*WORK TO BE COMPLETED*
Set down each entry below exactly as written, keeping the pictures out.

*GIVEN RECORDS*
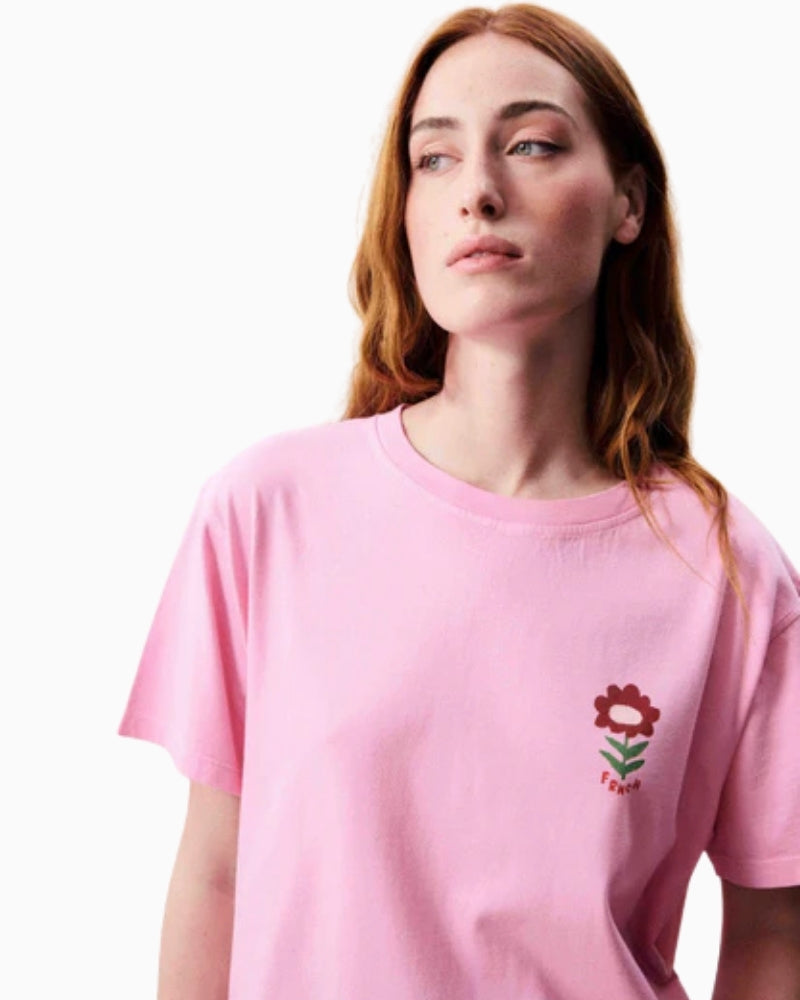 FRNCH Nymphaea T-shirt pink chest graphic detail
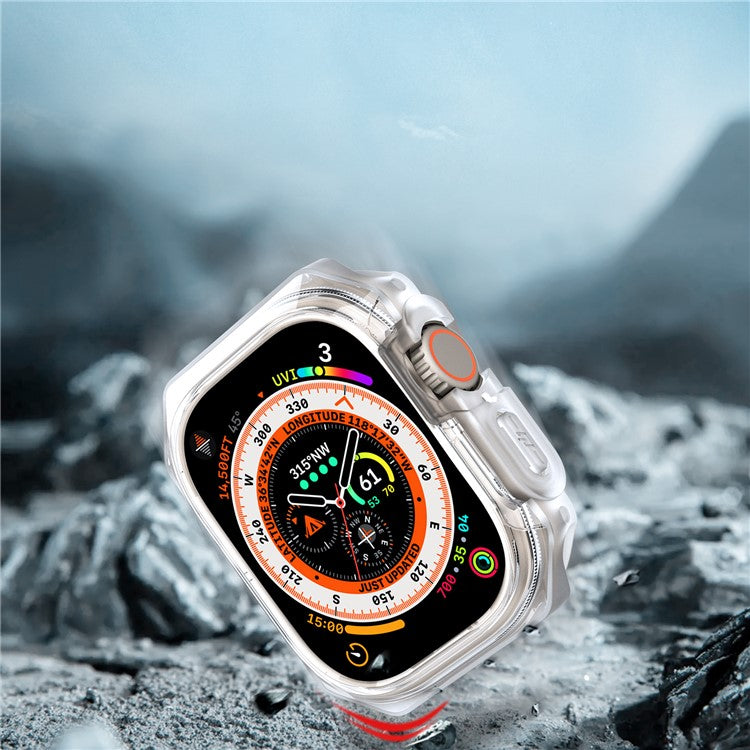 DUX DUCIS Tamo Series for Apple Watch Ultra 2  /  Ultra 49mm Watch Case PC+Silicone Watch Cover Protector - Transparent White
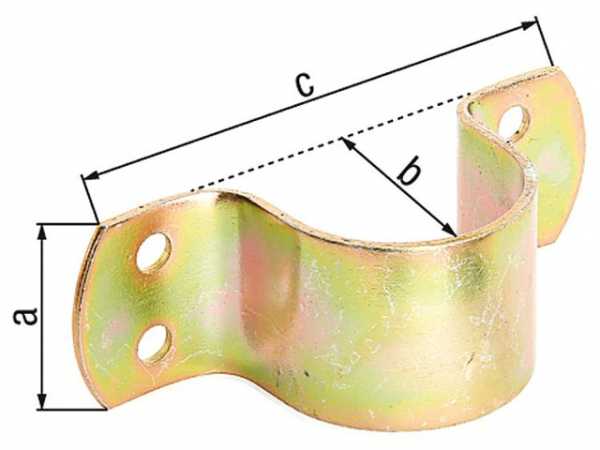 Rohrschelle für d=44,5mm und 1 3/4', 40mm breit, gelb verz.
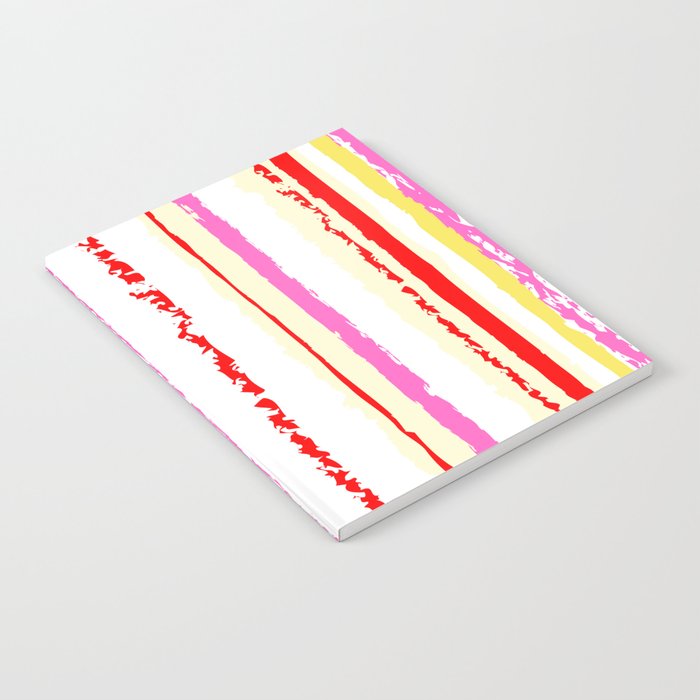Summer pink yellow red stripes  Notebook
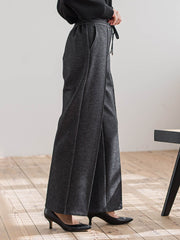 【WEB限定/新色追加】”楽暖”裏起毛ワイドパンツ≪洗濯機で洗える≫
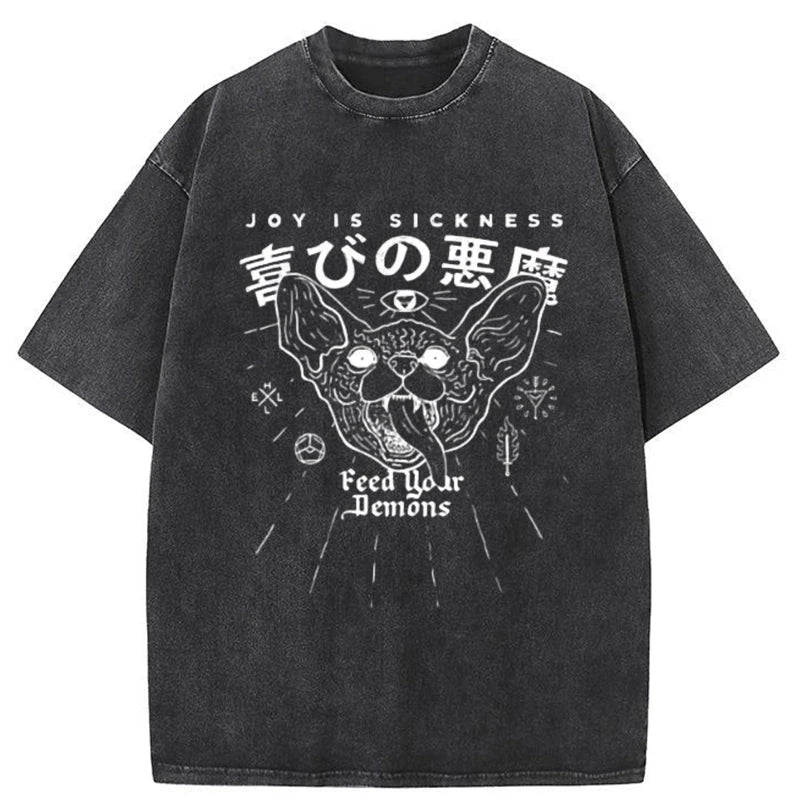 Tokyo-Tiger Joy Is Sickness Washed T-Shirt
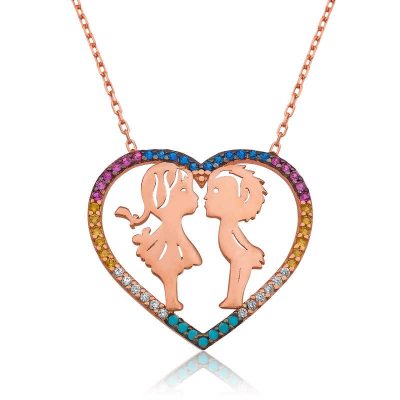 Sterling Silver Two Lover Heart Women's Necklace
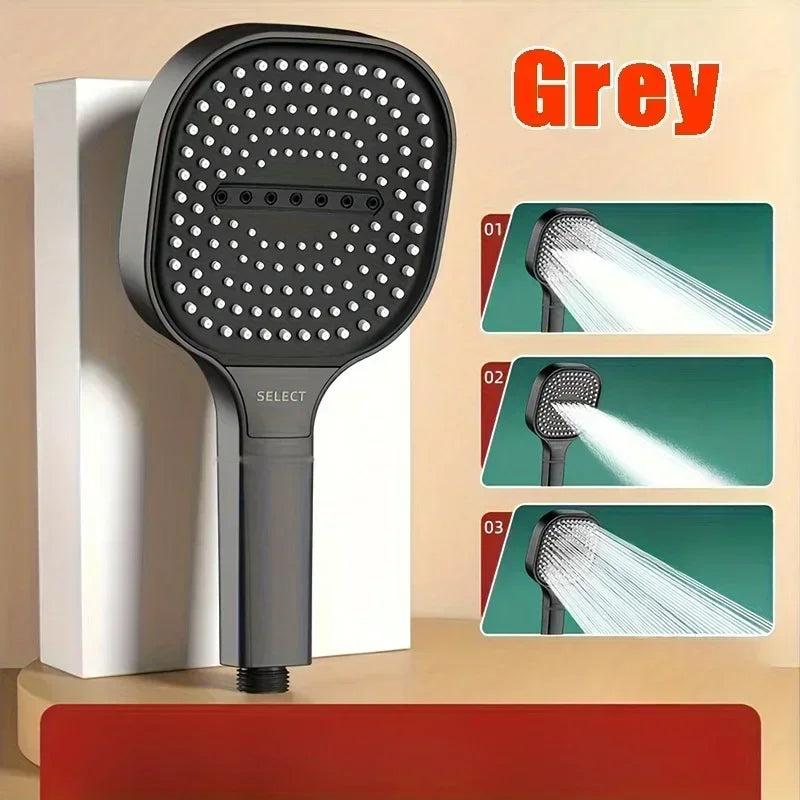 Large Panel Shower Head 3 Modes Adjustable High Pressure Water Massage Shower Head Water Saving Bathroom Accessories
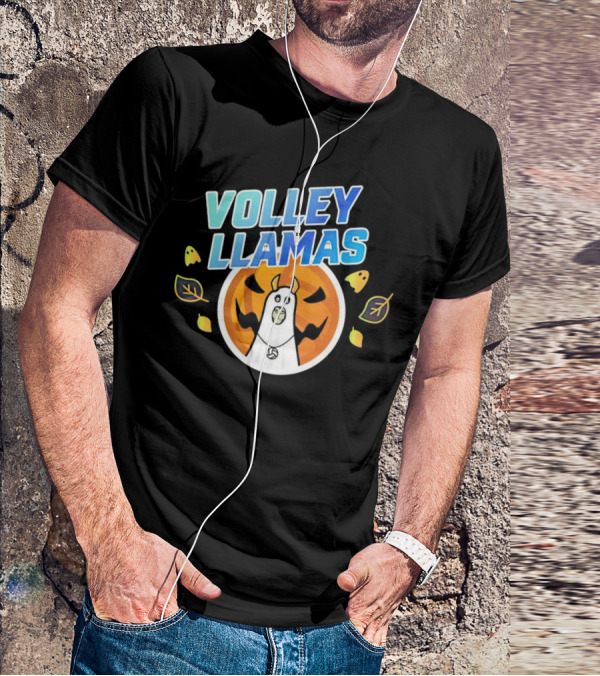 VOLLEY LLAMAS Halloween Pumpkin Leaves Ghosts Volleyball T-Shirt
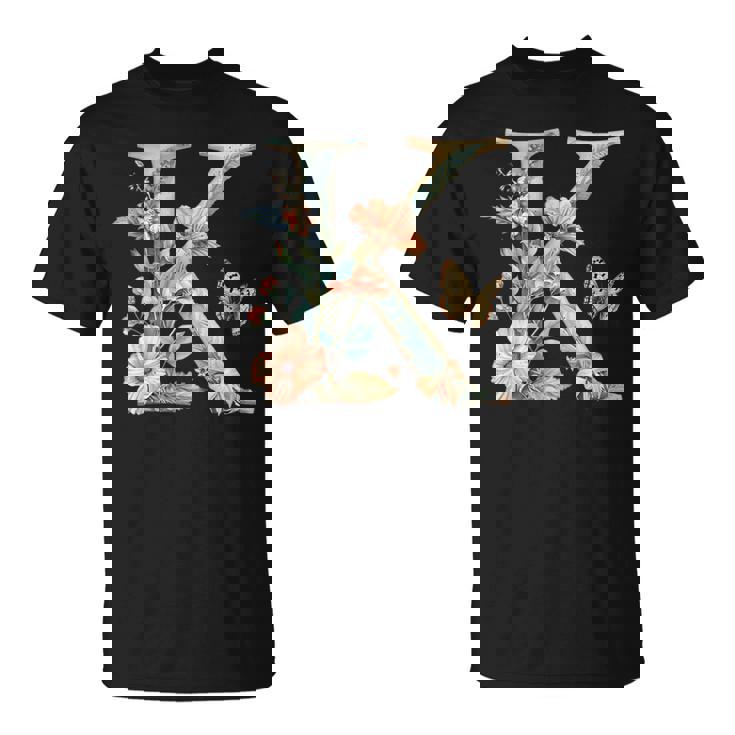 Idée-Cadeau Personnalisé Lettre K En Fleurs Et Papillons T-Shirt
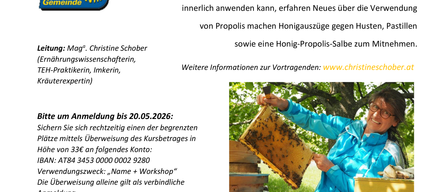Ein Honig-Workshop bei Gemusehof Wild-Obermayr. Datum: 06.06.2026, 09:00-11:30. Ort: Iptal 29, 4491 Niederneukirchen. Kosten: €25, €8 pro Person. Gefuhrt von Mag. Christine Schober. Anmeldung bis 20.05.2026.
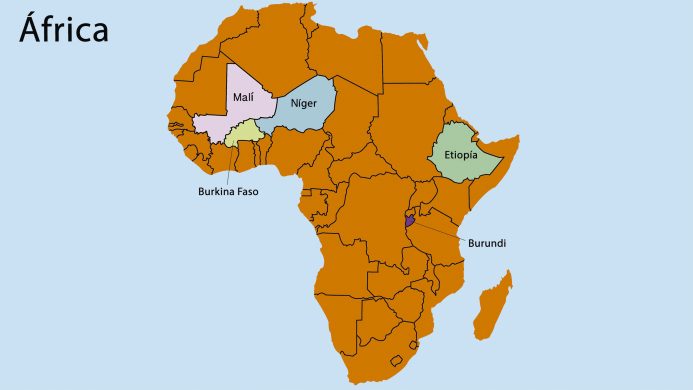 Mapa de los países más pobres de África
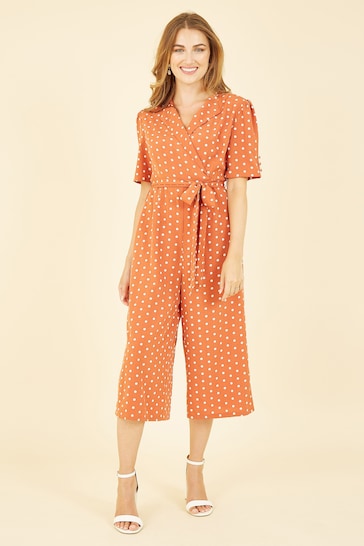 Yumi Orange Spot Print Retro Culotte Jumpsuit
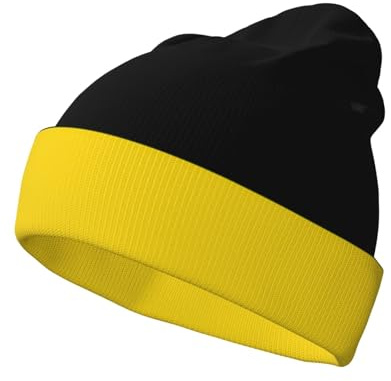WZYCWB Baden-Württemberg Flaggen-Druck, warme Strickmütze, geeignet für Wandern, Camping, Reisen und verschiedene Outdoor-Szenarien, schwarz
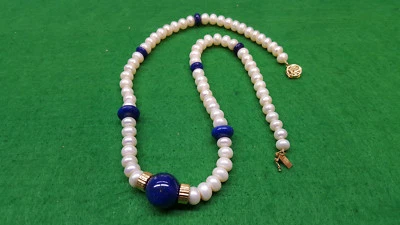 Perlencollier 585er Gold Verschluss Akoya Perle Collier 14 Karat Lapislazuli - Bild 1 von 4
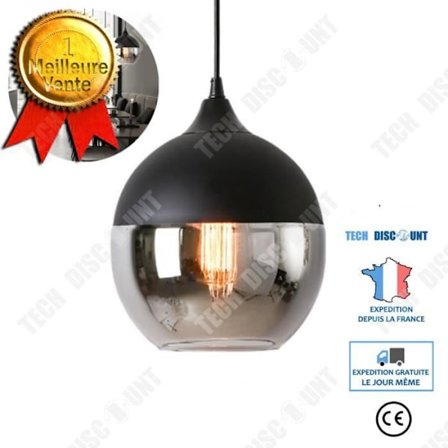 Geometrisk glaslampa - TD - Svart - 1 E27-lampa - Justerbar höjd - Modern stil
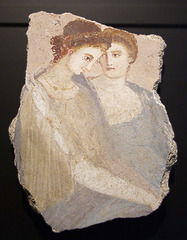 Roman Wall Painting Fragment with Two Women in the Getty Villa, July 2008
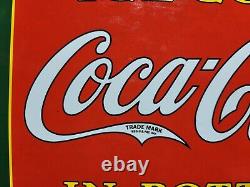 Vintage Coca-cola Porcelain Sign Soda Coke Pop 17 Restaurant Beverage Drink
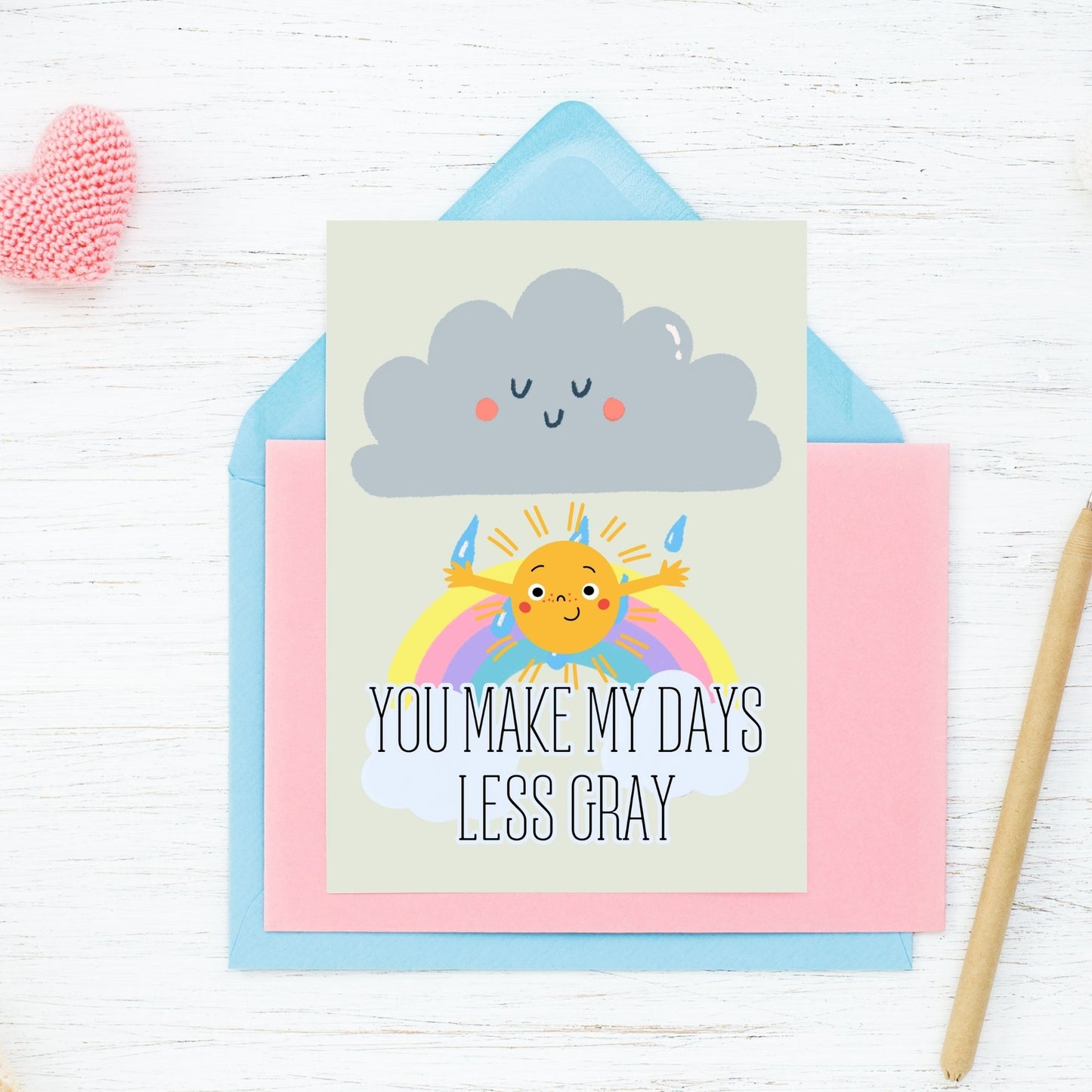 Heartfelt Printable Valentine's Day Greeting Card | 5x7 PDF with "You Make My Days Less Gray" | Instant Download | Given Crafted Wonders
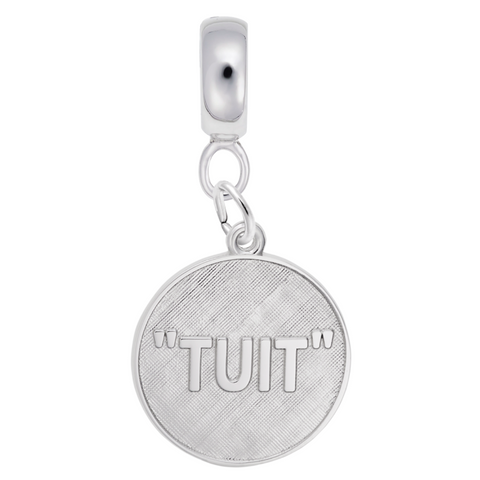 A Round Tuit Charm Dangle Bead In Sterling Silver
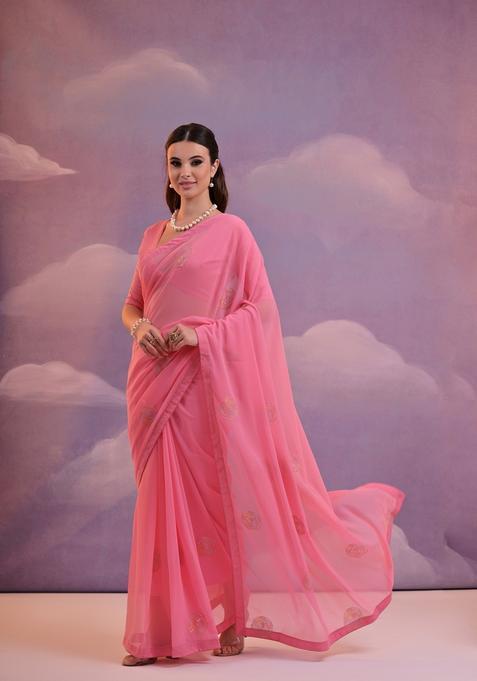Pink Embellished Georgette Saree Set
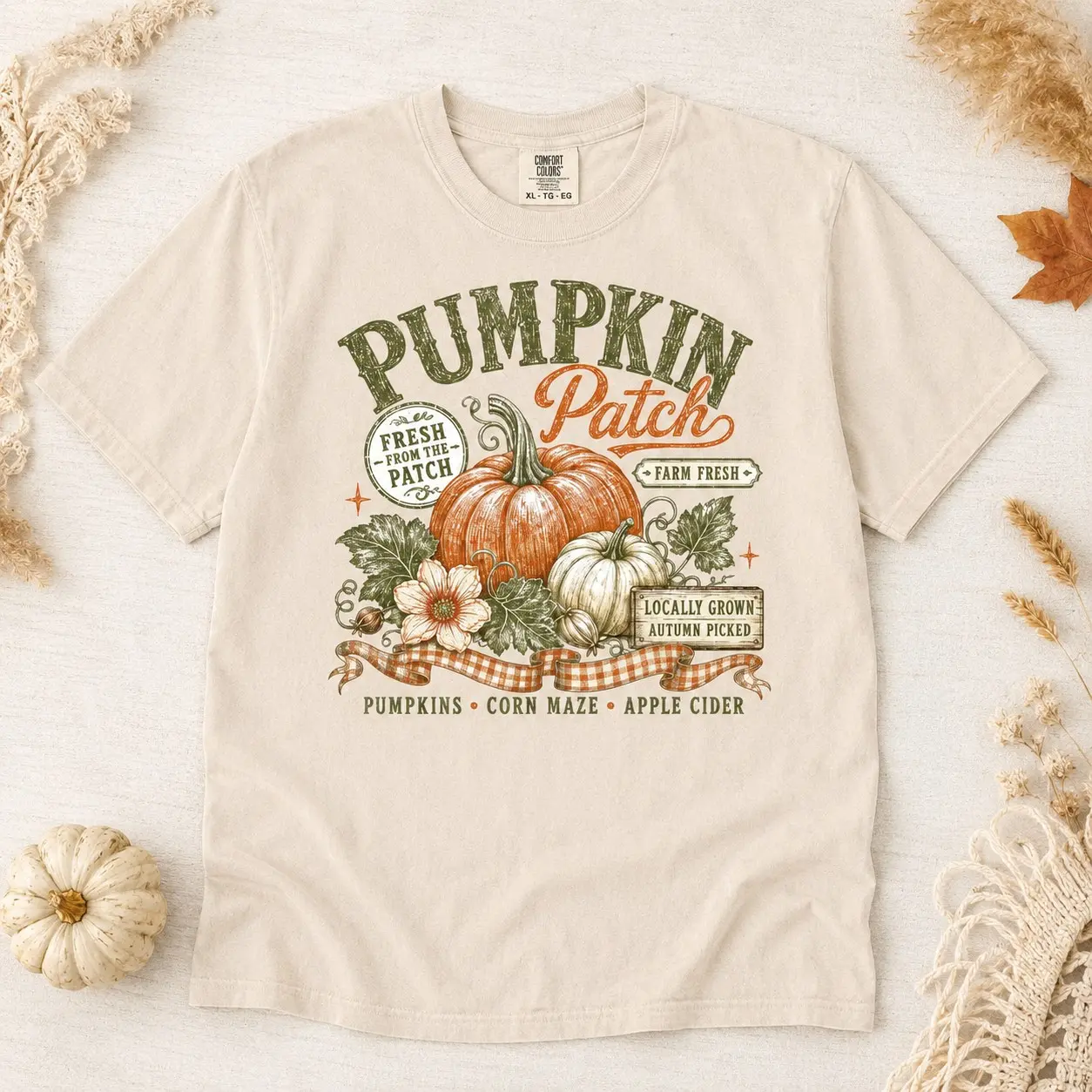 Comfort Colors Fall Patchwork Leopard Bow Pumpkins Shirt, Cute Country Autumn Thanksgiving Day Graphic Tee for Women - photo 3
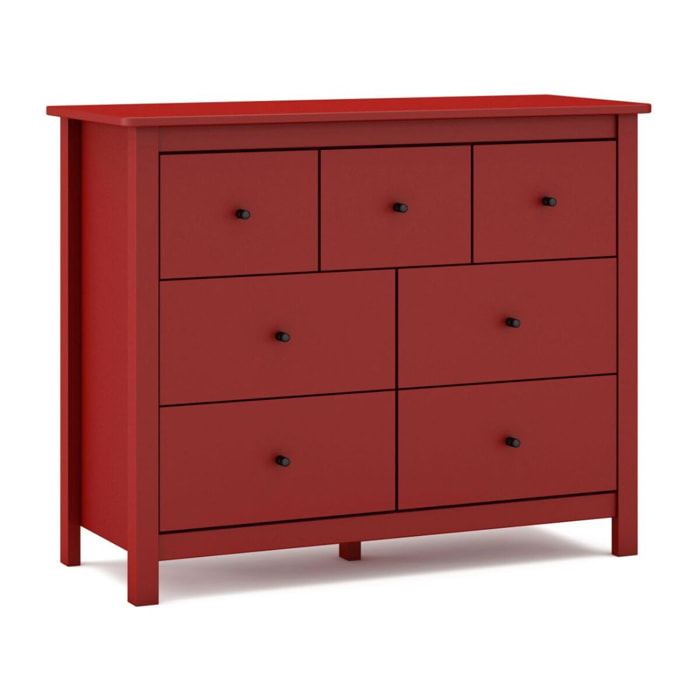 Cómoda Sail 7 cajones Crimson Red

*YOUR RESPONSE*
 FRNCH Nymphaea T-shirt pink chest graphic detail
 DUX DUCIS Tamo Series for Apple Watch Ultra 2  /  Ultra 49mm Watch Case PC+Silicone Watch Cover Protector - Transparent White
 Rohrschelle für d=44,5mm und 1 3/4', 40mm breit, gelb verz.
Summer pink yellow red stripes  Notebook
 【WEB限定/新色追加】”楽暖”裏起毛ワイドパンツ≪洗濯機で洗える≫
 Tokyo-Tiger Joy Is Sickness Washed T-Shirt
 Sterling Silver Two Lover Heart Women's Necklace
 Large Panel Shower Head 3 Modes Adjustable High Pressure Water Massage Shower Head Water Saving Bathroom Accessories
 VOLLEY LLAMAS Halloween Pumpkin Leaves Ghosts Volleyball T-Shirt
 Idée-Cadeau Personnalisé Lettre K En Fleurs Et Papillons T-Shirt
Ein Honig-Workshop bei Gemusehof Wild-Obermayr. Datum: 06.06.2026, 09:00-11:30. Ort: Iptal 29, 4491 Niederneukirchen. Kosten: €25, €8 pro Person. Gefuhrt von Mag. Christine Schober. Anmeldung bis 20.05.2026.
 Mapa de los países más pobres de África
 Yumi Orange Spot Print Retro Culotte Jumpsuit
WZYCWB Baden-Württemberg Flaggen-Druck, warme Strickmütze, geeignet für Wandern, Camping, Reisen und verschiedene Outdoor-Szenarien, schwarz
 Perlencollier 585er Gold Verschluss Akoya Perle Collier 14 Karat Lapislazuli - Bild 1 von 4
 Geometrisk glaslampa - TD - Svart - 1 E27-lampa - Justerbar höjd - Modern stil
 Roman Wall Painting Fragment with Two Women in the Getty Villa, July 2008
 Vintage Coca-cola Porcelain Sign Soda Coke Pop 17 Restaurant Beverage Drink
 Heartfelt Printable Valentine's Day Greeting Card | 5x7 PDF with "You Make My Days Less Gray" | Instant Download | Given Crafted Wonders
 A Round Tuit Charm Dangle Bead In Sterling Silver
Pink Embellished Georgette Saree Set
 Comfort Colors Fall Patchwork Leopard Bow Pumpkins Shirt, Cute Country Autumn Thanksgiving Day Graphic Tee for Women - photo 3
 Cómoda Sail 7 cajones Crimson Red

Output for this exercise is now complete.